Sitkovetsky responds willingly to the declamatory soul-baring of The Torch, words by Pietro d'Alba (Peter the white rabbit, an Elgar alias), and Glynn handles well the spectacular piano introduction to the immediately subsequent The River. Pleading, with so many tempo changes in its short span, benefits from the soprano's unaffected simplicity of delivery, and The Muleteer's Serenade is a captivating example of Elgar's Spanish affinities.
The Self Banished is a fine example of the well-read Elgar's wide range of literary sources, and usually he landed on a winner, such as here with the 17th-century poet Edmund Waller, Elgar homing into him for this setting whilst still in his teens. Christopher Glynn negotiates the generous accompaniment with huge satisfaction.
But this is a bit of a problem with Elgar songs. The piano introductions are so fulsome, so "listen to me" instead of getting to the kernel of the text in question. This release reveals the many composers to whom Elgar turned for inspiration, Schubert.
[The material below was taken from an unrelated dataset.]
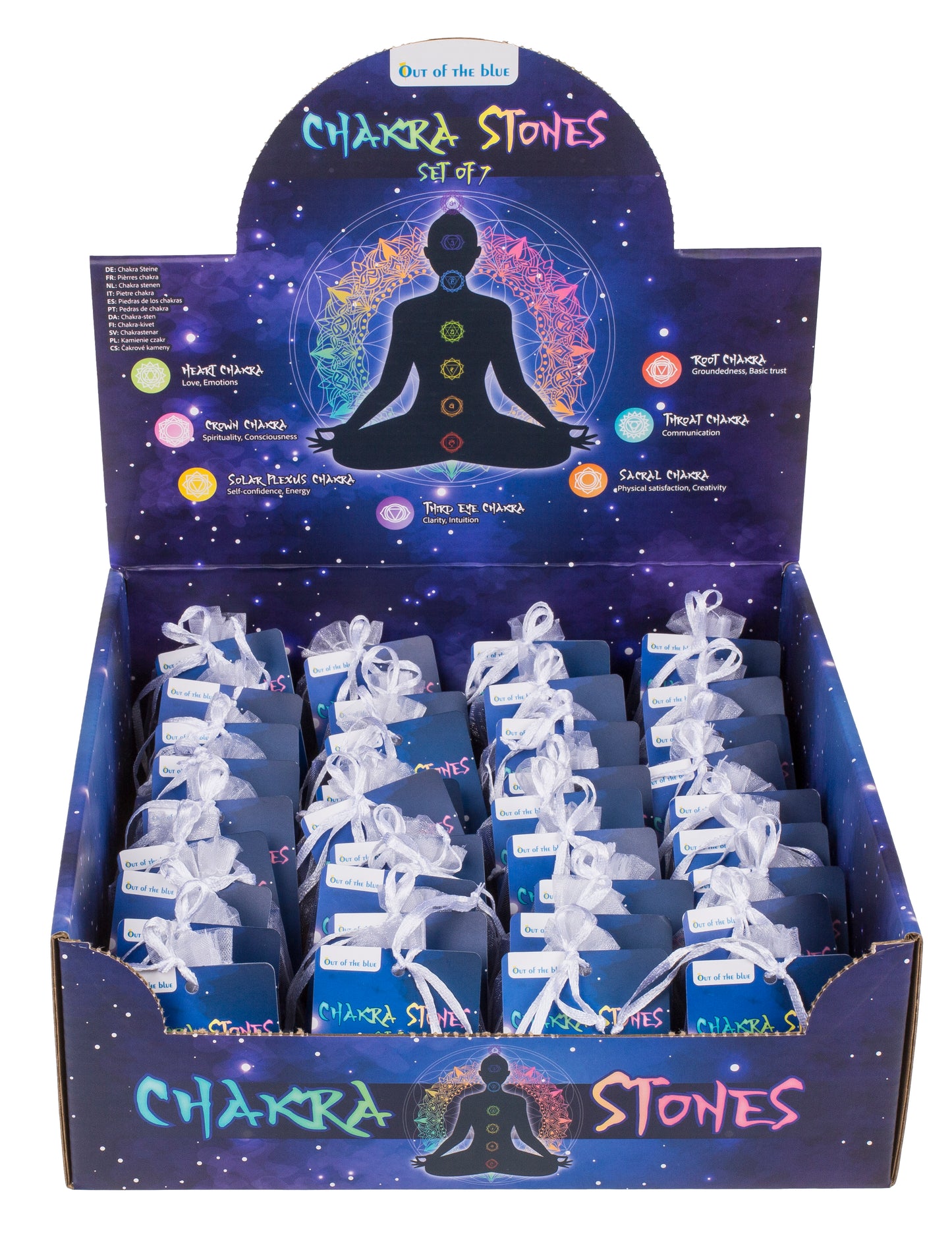 PIETRE CHAKRA, SET DI 7 IN SACCHETTO DI ORGANZA (AMETISTA, S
Schumann, Brahms, Strauss and several French contemporaries among them, but their introductions were concise, immediately mood-setting, unlike many of these overblown announcements.
We end with a return to transcriptions. In Moonlight is an effective enough word-setting of the viola solo "Canto Popolare" in the scintillating In the South Overture, When the Spring Comes Round is a dutifully heroic excerpt from Une voix dans le desert, composed early on in the Great War by Elgar to support the Belgian war effort, and Pansies takes us right back to the start of Elgar's career, and his composition of Salut d'Amour for his future wife Caroline Alice Roberts.
Julia Sitkovetsky and Christopher Glynn do their best in what is admittedly uneven, often unidiomatic material. Insert-notes are generally greatly informative, though no-one, not even in all my compendious library of Elgar books, can tell me who was "Yvonne", dedicatee of The Torch.